2021, Jul 31

Reverse Engineering Unknown CAN bus Protocols

Summary

In this post I will cover how I determine data structures in unknown CAN bus protocols. I’ll then be able to contrast these data structures to identify separate protocols from each other and perform traffic analysis in a future post to determine meaning behind the data structures.

The Challenge

HackTheMachine is a maritime cyber contest hosted by the United States Navy to raise awareness in the computer security industry about challenges and threats facing maritime networks. During the 2020 and 2021 HackTheMachine competitions, teams were given the output from a NMEA2000 logger of a network of devices using a proprietary CAN bus protocol and had to determine various aspects of the CAN bus devices.

In a previous post, I demonstrated how I extracted CAN bus traffic from a NMEA2000 log of a mixed network. The next step is to analyze the CAN bus data field to determine the structure of the proprietary protocol or protocols. This will allow me to perform traffic analysis on the protocols to determine how they relate to each other.

Byte Entropy Analysis

CAN bus frames can have up to 8 bytes of data, and this proprietary protocol always uses all 8 bytes. I created a script to correlate traffic by CAN bus ID, and count the variety of values in each byte of data for us to analyze. Each byte should have a minimum of 1 value seen, and a maximum of 256. I have the script output these values in padded hex for easy viewing.

Using the following value counts as an example: 91 08 02 01 9b 08 75 71

Given enough samples, we can use Benford’s Law (the first digit law) to determine the size of a data field. Leading digits have less variety or entropy than the trailing digits in a value, with leading zeros having no entropy.

The first digit had 145 (0x91) different values and the values to the right of it have decreasing entropy until we reach the 4th byte which only had one value. This strongly indicates that the value is little endian, and 32bit. Using this technique we can see that the next field is likely a 16 bit value.

The last two bytes are more troubling, as there’s less than a 5% difference between them. These could be two 8 bit values, one 16 bit value, or a variety of other data formats. The technique I’m using here works well for identifying byte aligned integers but not bit fields, floating point values, or non-byte aligned values. It’s alright to assume byte aligned values for now, as I will analyze these values in a future post.

As the last two bytes each have a count greater than 16 (0x10), I continue to assume that they are an integer value, and assume that they are a 16bit value. If the counts for these bytes were less than 16, then I would suspect that they are bit flags. Additionally, I could have used Benford’s Law on a bit level to determine if these values had a sign bit that was always off, this would improve detecting smaller field sizes.

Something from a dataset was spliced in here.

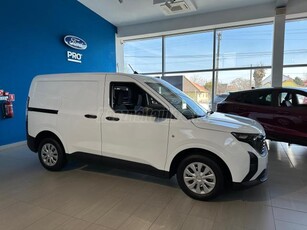 FORD COURIER Transit1.5 TDCi Trend Start&Stop Legújabb modell SZEGEDEN KÉSZLETRŐL 5%-os THM!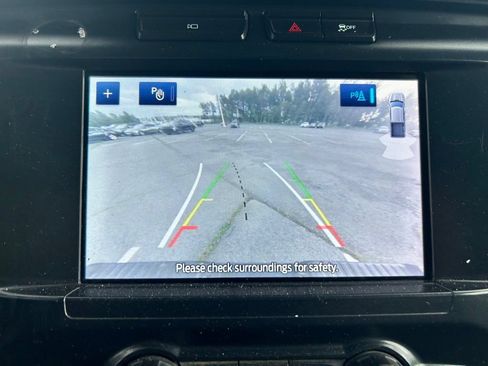 Used 2022 Ford F150 XL w/ STX Appearance Package AWD/4WD image 6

Similarities with SAE J1939

Proprietary protocols are a black box, which is often assumed that the vendor created their own protocol, but nothing prevents the vendor from taking inspiration from open standards. I know I’m making a big assumption here, but this protocol seems very similar to SAE J1939.

SAE J1939 data have multiple fields called signals. These signals are also little-endian, except for ascii data. Both of these protocol features match the proprietary one. However, I don’t think the protocol is entirely SAE J1939, as we don’t see the typical address reservation messages from our analysis of SAE J1939 in the previous post.

Analyzing Constants

In the example, the 4th byte only has one value which could be zero, but it could be a single byte non-zero constant. Additionally, SAE J1939 uses special values to indicate meaning. A signal containing all 0xFF bytes means that the device doesn’t support that signal. While a signal containing all 0xFE bytes indicates an error.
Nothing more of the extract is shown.